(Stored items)
>>

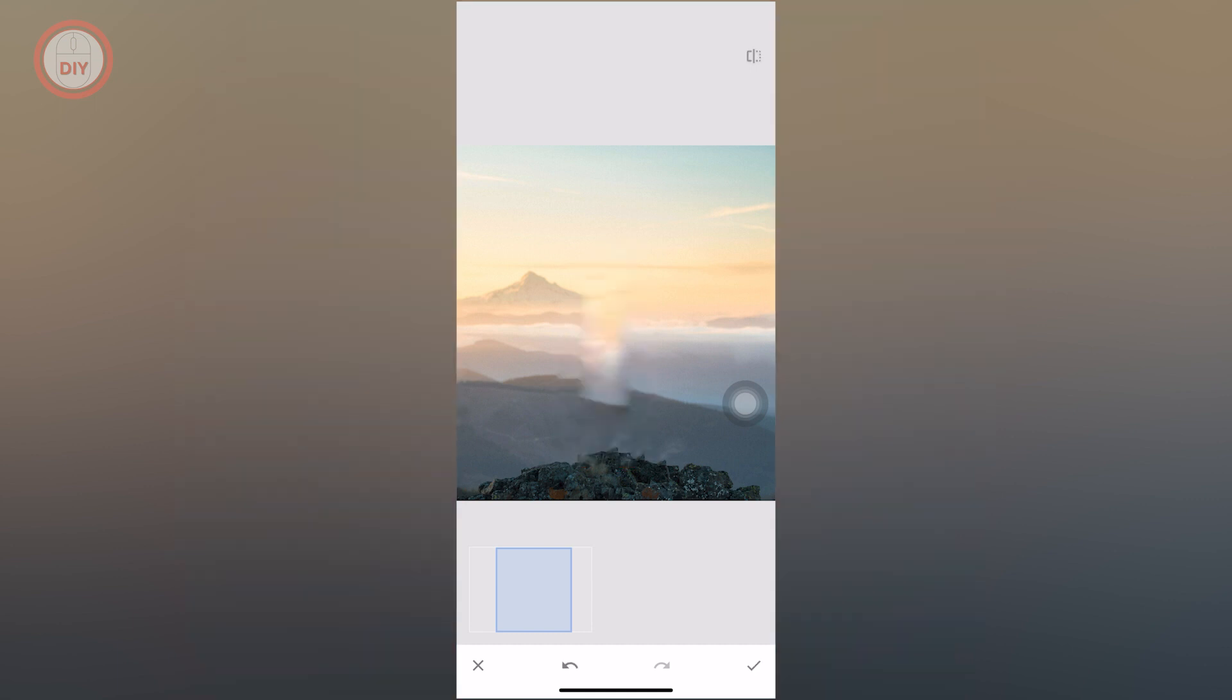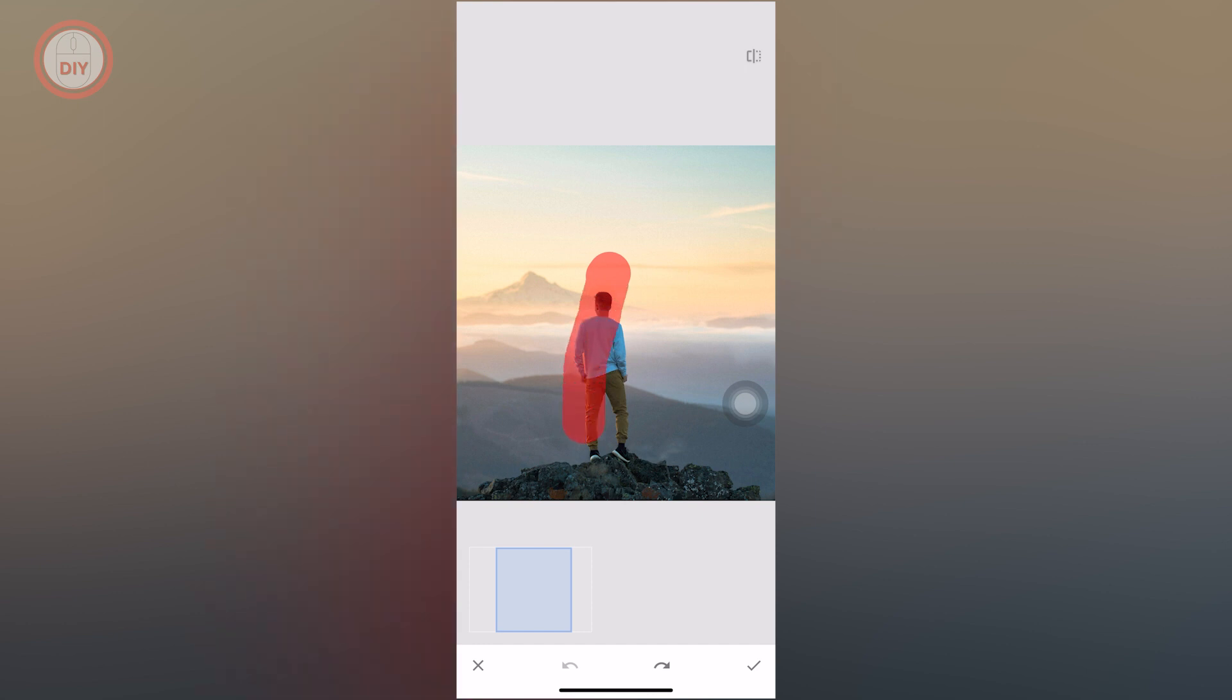Once you do that, as you can see, the person is magically removed. Now if you want a better result, you can revert or undo and keep doing this again until you get a satisfying result. As you can see, this was much better.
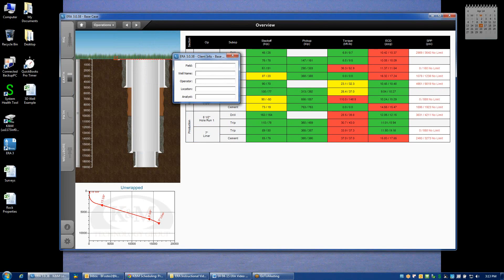This is information that will be displayed on the top of any plots that are generated. It gives you the opportunity to enter in the name of the field, the name of the well, and the name of the operator.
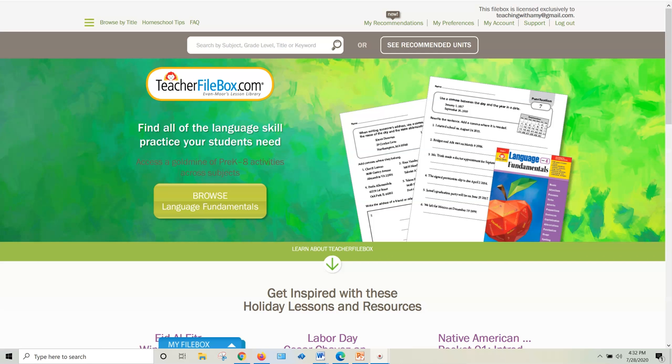Hi friends, if you're looking for a budget-friendly way to teach your kids, I want to just share one quick tip about teacherfilebox.com.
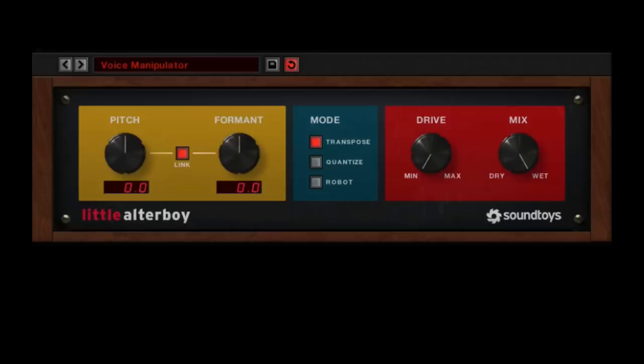Introducing Little Alterboy, a powerful new tool for dramatic voice manipulation.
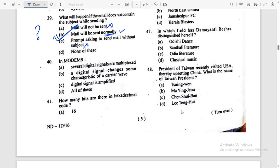In modems, several digital signals are multiplexed. Digital signals have some characteristic that is amplified. Option D.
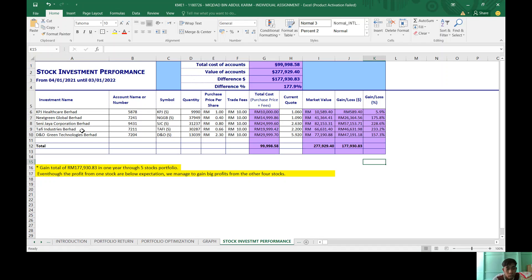Which is from NatSteel, Seri Jaya, Tafi and DNO. So that's all from me. Thank you.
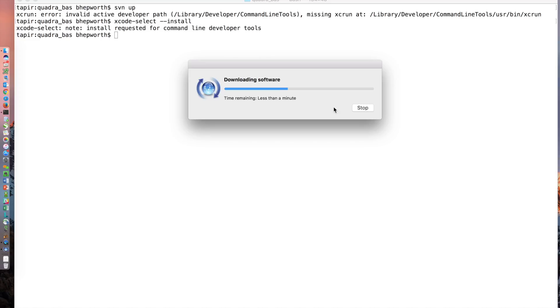This will work for an upgrade of a Mac OS where it broke the subversion command line clients, or if you've never had subversion before you can use the same command and install the subversion command line tools.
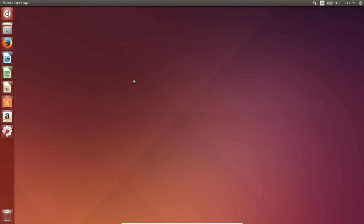Today we're looking at Ubuntu 14.04 Trusty Tahr. If you're new to Linux, this is probably the most popular Linux distribution around. Ubuntu has been sitting at the top of the food chain for quite a while now, and is one of the most forked distributions out there, with many of the most popular Linux distros being based on Ubuntu.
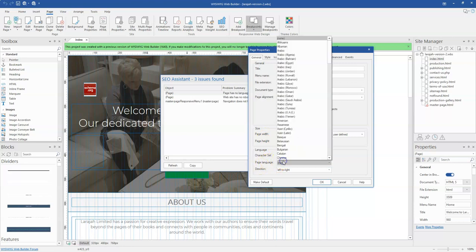So as you notice, this doesn't have any language set for it. And if this is a concern in terms of the project you are working on looking at search engine optimization, then you can easily fix that. That's one of the cool things about this particular SEO Assistant.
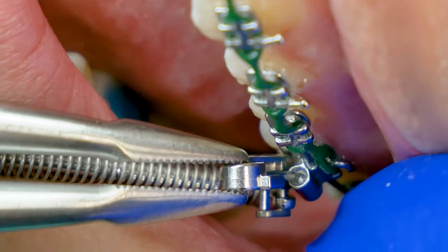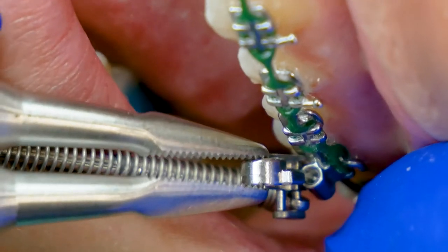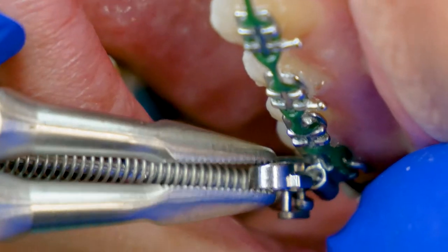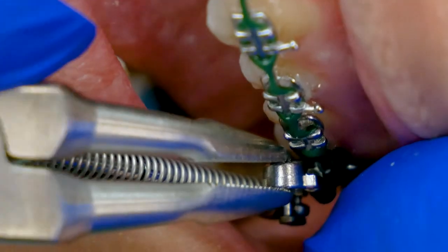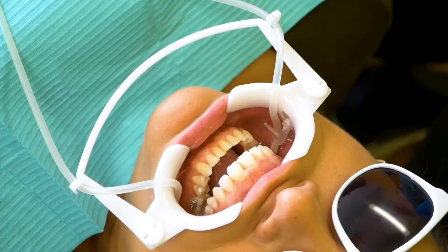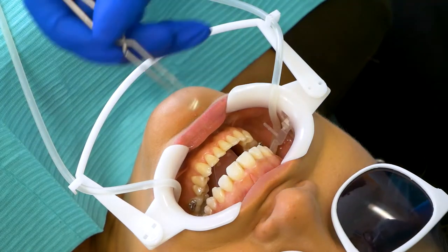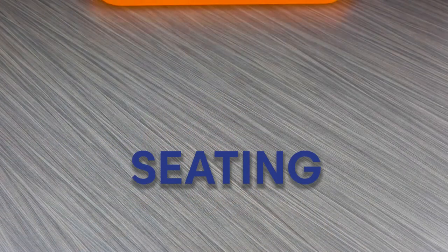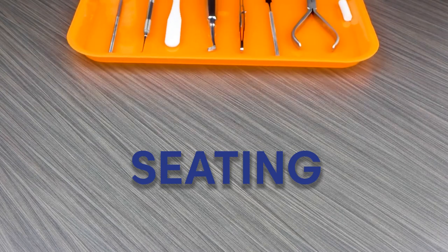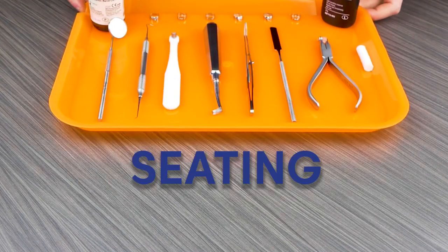The reason your doctor may use bands is if more force needs to be applied to the bracket, meaning that the force is too strong to be attached to glued-on brackets. The process of placing these bands is called seating.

<<

Although the records contain pictures, restate them word for word with those pictures left out.

## Reply to the task
Once you do that, as you can see, the person is magically removed. Now if you want a better result, you can revert or undo and keep doing this again until you get a satisfying result. As you can see, this was much better.
This is information that will be displayed on the top of any plots that are generated. It gives you the opportunity to enter in the name of the field, the name of the well, and the name of the operator.
Hi friends, if you're looking for a budget-friendly way to teach your kids, I want to just share one quick tip about teacherfilebox.com.
Introducing Little Alterboy, a powerful new tool for dramatic voice manipulation.
In modems, several digital signals are multiplexed. Digital signals have some characteristic that is amplified. Option D.
Which is from NatSteel, Seri Jaya, Tafi and DNO. So that's all from me. Thank you.
This will work for an upgrade of a Mac OS where it broke the subversion command line clients, or if you've never had subversion before you can use the same command and install the subversion command line tools.
Today we're looking at Ubuntu 14.04 Trusty Tahr. If you're new to Linux, this is probably the most popular Linux distribution around. Ubuntu has been sitting at the top of the food chain for quite a while now, and is one of the most forked distributions out there, with many of the most popular Linux distros being based on Ubuntu.
So as you notice, this doesn't have any language set for it. And if this is a concern in terms of the project you are working on looking at search engine optimization, then you can easily fix that. That's one of the cool things about this particular SEO Assistant.
The reason your doctor may use bands is if more force needs to be applied to the bracket, meaning that the force is too strong to be attached to glued-on brackets. The process of placing these bands is called seating.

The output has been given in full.